Tak hanya Grace, ada juga Ade Armando dan Permadi Arya alias Abu Janda juga turut dilaporkan.
Perwakilan LBH Hidayatullah, Syaefullah Hamid, mengatakan langkah hukum ditempuh untuk mencegah munculnya respons negatif di masyarakat yang berpotensi mengganggu kerukunan umat beragama.
“Kami ingin dinamika ini dikanalisasi melalui proses hukum agar tidak memicu respon negatif yang berpotensi buru terhadap kerukunan umat beragama di Indonesia,” kata Syaefullah, Senin 4 Mei 2026.
LBH Syarikat Islam melalui Gurun Arisastra menjelaskan Ade Armando memosting pembahasan video tersebut di Cokro TV pada 9 April 2026.
Disusul Permadi Arya pada 12 April 2026 dan Grace Natalie pada 13 April 2026 di media sosial masing-masing.

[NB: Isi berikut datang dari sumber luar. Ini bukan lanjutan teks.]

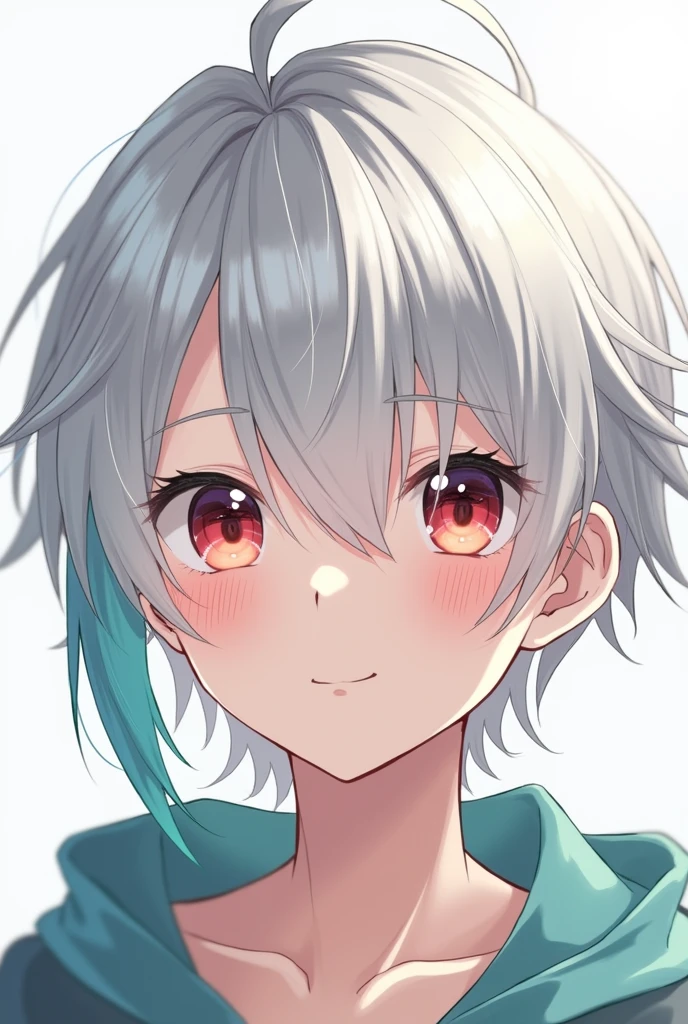 anime style young man, light skinned. Medium long hairstyle with short bangs. Silver color on the right side and Cyan hair color on the left. Red eyes and playful face.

Menurut Gurun, para terlapor diduga membangun narasi dari video ceramah JK yang tidak utuh sehingga menimbulkan persepsi berbeda di tengah masyarakat.
Ia juga menyebut potongan video tersebut membuat seolah-olah JK sedang membahas ajaran agama Kristen terkait syahid.
Padahal, menurutnya, dalam video utuh berdurasi sekitar 40 menit, JK justru sedang meluruskan pemahaman keliru soal konsep syahid dan pentingnya menjaga kerukunan.
Namun di sisi lain, PSI memastikan tidak akan memberikan bantuan hukum secara kelembagaan kepada Grace Natalie.
Ketua Harian PSI Ahmad Ali menegaskan pernyataan Grace merupakan sikap pribadi dan bukan sikap resmi partai.